WHAT YOU HAVE TO DO. The line with "modificadas." marks the start; please set it down along with all later lines through the end of the material, exactly, leaving out pictures.
=====
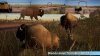 Bisons in America.jpg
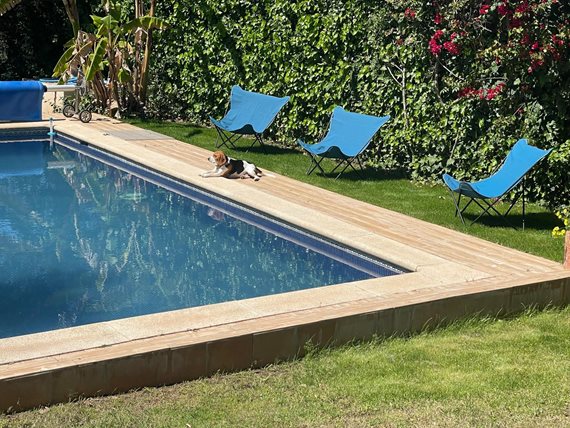 B98Le8~d7M9k3DegpEFZhS0lI_F8U4XZVz~HWxt~mGgYekxX9nCAxh0ZipZlAjNxEM6s1ur~IyRoHk21zVXx39XWTj0JB2Qm5zUi1a1fymp4q9qYZQj2cDCfNVnQifuUQDHD7pTjGscs6s5HGgyZ image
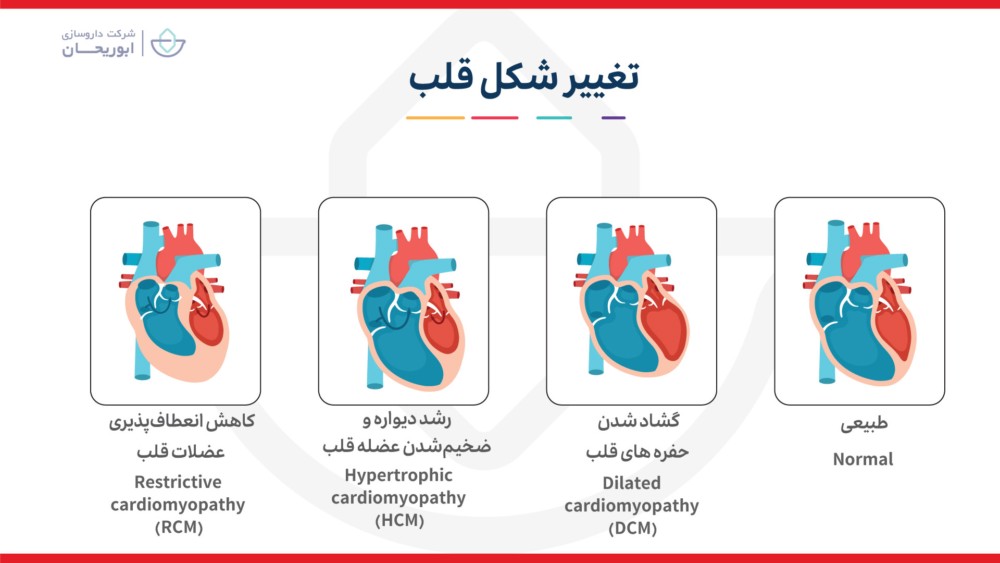 تغییر قلب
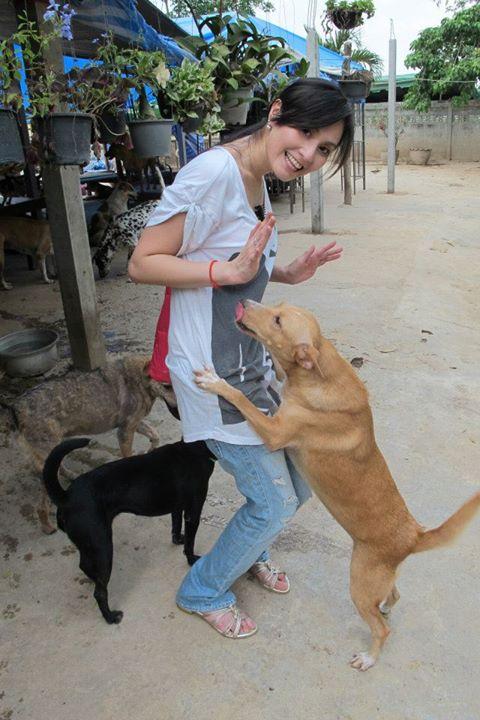 เต๊ะ ศตวรรษ แต่งงาน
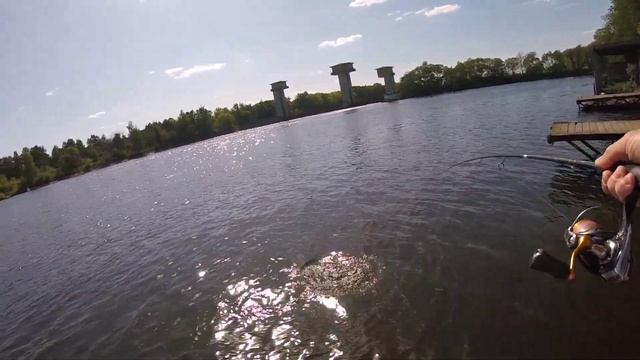РЫБАЛКА НА ВОБЛЕРА ВЕСНОЙ С БЕРЕГА НА СПИННИНГ! ПОПАЛСЯ БОНУС! ##срыбалки #рыбалканаспиннинг смотреть онлайн
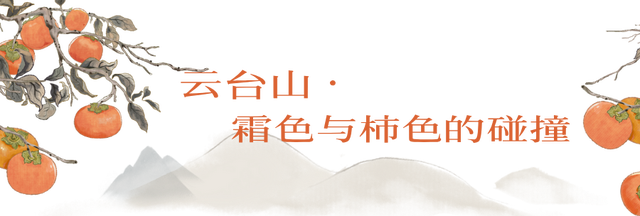 霜降柿事｜今日宜：在修武咬住一整个秋天！
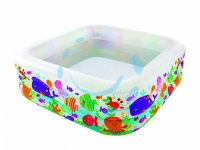 16161545831181-intexpiscinagonfiabilequadraaquarium3annicm159x159x50hpesokg3600art57471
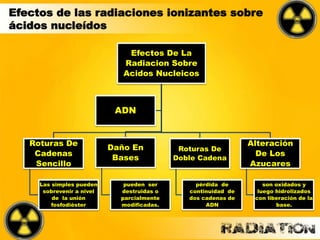 Efectos de las radiaciones ionizantes sobre
ácidos nucleídos
Efectos De La
Radiacion Sobre
Acidos Nucleicos
Roturas De
Cadenas
Sencillo
Las simples pueden
sobrevenir a nivel
de la unión
fosfodiéster
Daño En
Bases
pueden ser
destruidas o
parcialmente
modificadas.
Roturas De
Doble Cadena
pérdida de
continuidad de
dos cadenas de
ADN
Alteración
De Los
Azucares
son oxidados y
luego hidrolizados
con liberación de la
base.
ADN
 
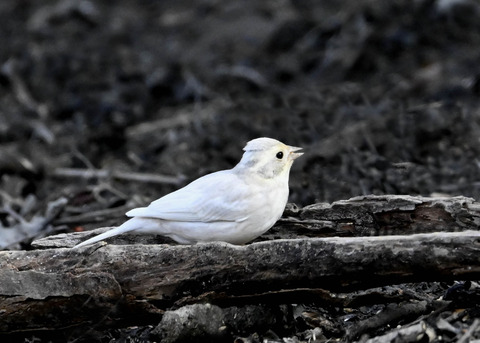 カシラダカ7367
=====
TASK ANSWER.
modificadas.
Roturas De
Doble Cadena
pérdida de
continuidad de
dos cadenas de
ADN
Alteración
De Los
Azucares
son oxidados y
luego hidrolizados
con liberación de la
base.
ADN
 
 カシラダカ7367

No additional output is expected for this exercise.